In 2020, GIPS Foundation spent $2.4 million on programs, projects and scholarships affecting kids, explained Traci Skalberg, GIPS Foundation executive director.

Traci Skalberg

Traci Skalberg

“Each year, the GIPS Foundation does a campaign with the staff of Grand Island Public Schools to encourage them to give, so that we can invest those funds into students, different programs and classroom grants,” Skalberg said. “Just some of the things the foundation does.”

She added, “We ask staff to give back each year and it’s just an incredible effort.”

This year, GIPS Foundation is partnering with the Sam Foltz Foundation.

Foltz, a Grand Island Senior High graduate and University of Nebraska football player, died in a car accident in 2016. He was 22.

In honor of Foltz, his parents, Gerald and Jill Foltz, will match gifts and donations up to $5,027, with No. 27 representing Sam Foltz’s Cornhuskers jersey number.

“Jill served as a nurse for (GIPS) for over 30 years,” Skalberg said. “She just retired this last year and she said, ‘This is the year Sam would want to invest and help people understand, and keep their chin up, as teachers and staff are making it through this tough year.’”

This will be the foundation’s 18th Add It Up campaign. The effort started in 2004.

In 2020, Add It Up reached a milestone, Skalberg said.

GIPS staff have raised just more than $1 million for the GIPS Foundation since the fundraiser’s inception.

Last year, the foundation held a virtual campaign in response to the pandemic. It raised $98,000, which is more than most years, Skalberg said.

“We were able to complete that campaign as well with staff giving even more last year, which was incredible,” she said.

This year’s effort will be a hybrid campaign, both in-person and virtual.

“I anticipate that nine out of 10 people employed by (GIPS) will give back to the foundation because they see the impact every day on kids,” Skalberg said.

Add It Up is a grassroots campaign, with seven co-chairs across the district — one from each middle school, two from Senior High, and two from the elementary level.

“They work with me and my team at (GIPS Foundation) and they reach out and recruit team leaders across the district,” Skalberg said.

Every school building has at least one team leader and each school functions as a team, or more than one team if it’s a larger building.

Team leaders go out and give packets to team members, who then raise funds.

“We try to make it fun. We have different competitions,” Skalberg said. “It’s minor stuff, but it’s fun to have some bragging rights, just to make it friendly.”

Add It Up shows the dedication of the GIPS district.

“The teachers and the entire staff of Grand Island Public Schools, they’re living this mission all the time, but they’re also giving to the mission,” Skalberg said. “I think it’s just important to have that credible source giving to students because they see the work of the foundation every day. They see we’re helping students all the time.”

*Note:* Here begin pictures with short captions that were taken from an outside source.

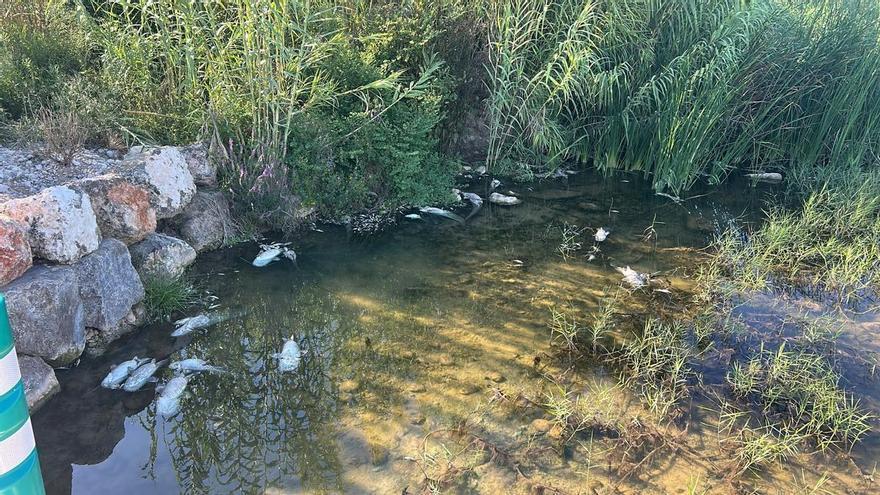 La retirada de 1.500 kilos de peces muertos del Magro no evita un fuerte hedor y restricciones en el riego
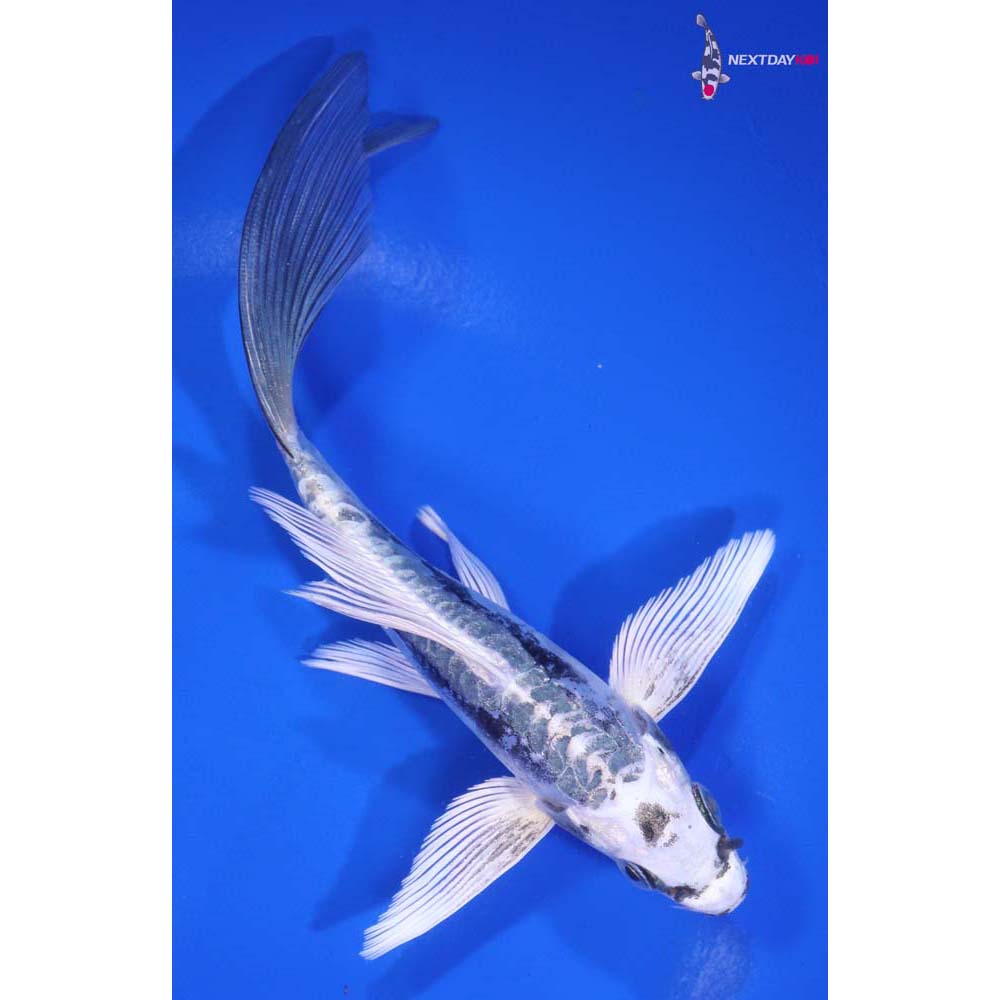 6” Imported Kikokuryu Butterfly Koi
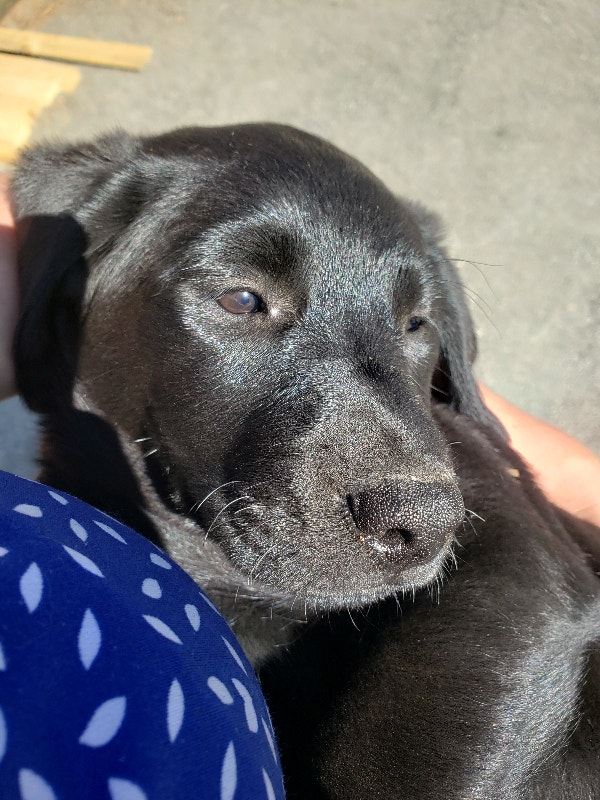 Puppies lab x golden retriever Dogs & Puppies for Rehoming Hope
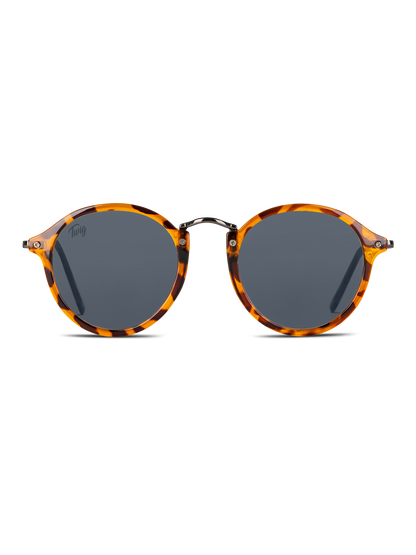 Occhiali da sole Twig Klimt TORTOISE BLACK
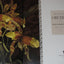 The Forgotten Orchids of Alexandre Brun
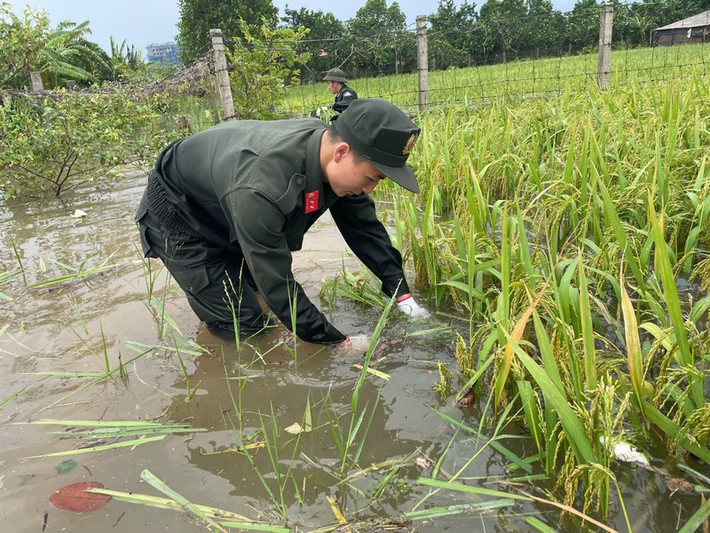 Người lính CSCĐ sẵn sàng ngâm mình trong nước để giúp dân gặt lúa chạy lũ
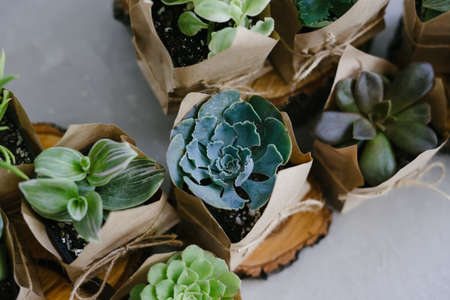 A set of plants. A large set of indoor small plants. flower shop. Succulents in an eco paper bag. Eco friendly reusable eco bag and succulents. houseplants.の写真素材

The funds give the GIPS Foundation flexibility in how it supports GIPS efforts.

“Last year it gave us more ability to invest in our COVID-19 fund, our emergency fund,” Skalberg said.

The foundation has standard programs the funds support each year, such as its classroom grant program and unrestricted scholarship program, as well as needed unrestricted funds.

“It just gives us the flexibility at the foundation to invest in things and students and projects that are necessary at the time,” Skalberg said. “We have an opportunity to invest in things that are happening here and now.”

The funds raised by the campaign are always appreciated, she said.

“It makes the foundation run,” Skalberg said. “It gives us the ability to mobilize when we need to. It’s just an incredible campaign, and we’re really able to give back.”